G _i/o protein-coupled receptor inhibition of beta-cell electrical excitability and insulin secretion depends on Na ⁺/K ⁺ ATPase activation

G _i/o-coupled somatostatin or α2-adrenergic receptor activation stimulated β-cell NKA activity, resulting in islet Ca ²⁺ fluctuations. Furthermore, intra-islet paracrine activation of β-cell G _i/o-GPCRs and NKAs by δ-cell somatostatin secretion slowed Ca ²⁺ oscillations, which decreased insulin secretion. β-cell membrane potential hyperpolarization resulting from G _i/o-GPCR activation was dependent on NKA phosphorylation by Src tyrosine kinases.

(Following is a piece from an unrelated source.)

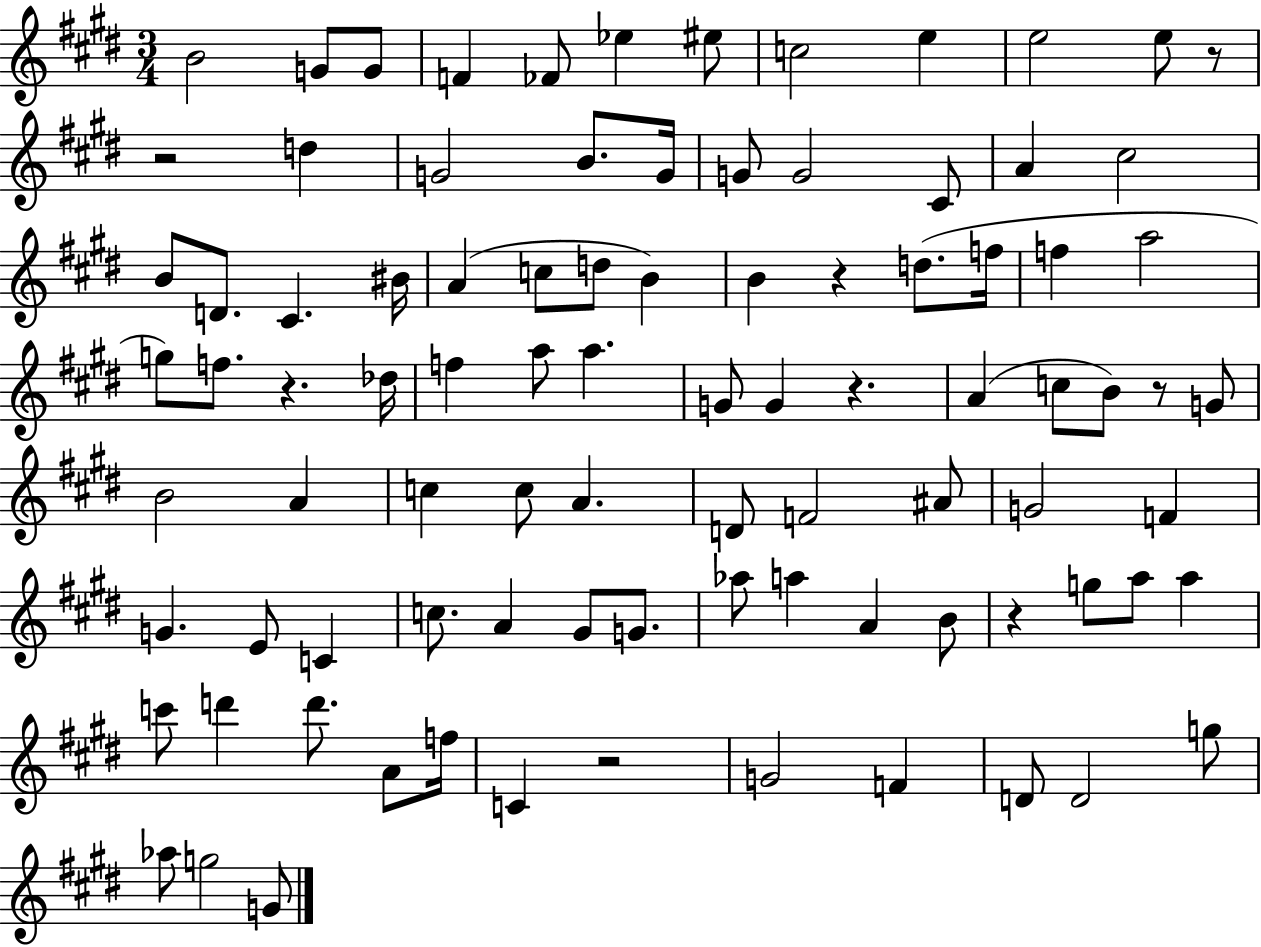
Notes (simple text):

Whereas, β-cell NKA function was inhibited by cAMP-dependent PKA activity. These data reveal that NKA-mediated β-cell membrane potential hyperpolarization is the primary and conserved mechanism for G _i/o-GPCR control of electrical excitability, Ca ²⁺ handling, and insulin secretion.

G _i/o protein-coupled receptors (G _i/o-GPCRs) limit β-cell insulin secretion by decreasing Ca ²⁺ entry; however, the underlying mechanism has not been identified. Here, the authors show that G _i/o-GPCRs hyperpolarize mouse and human β-cell membrane potential by activating Na ⁺/K ⁺ATPases.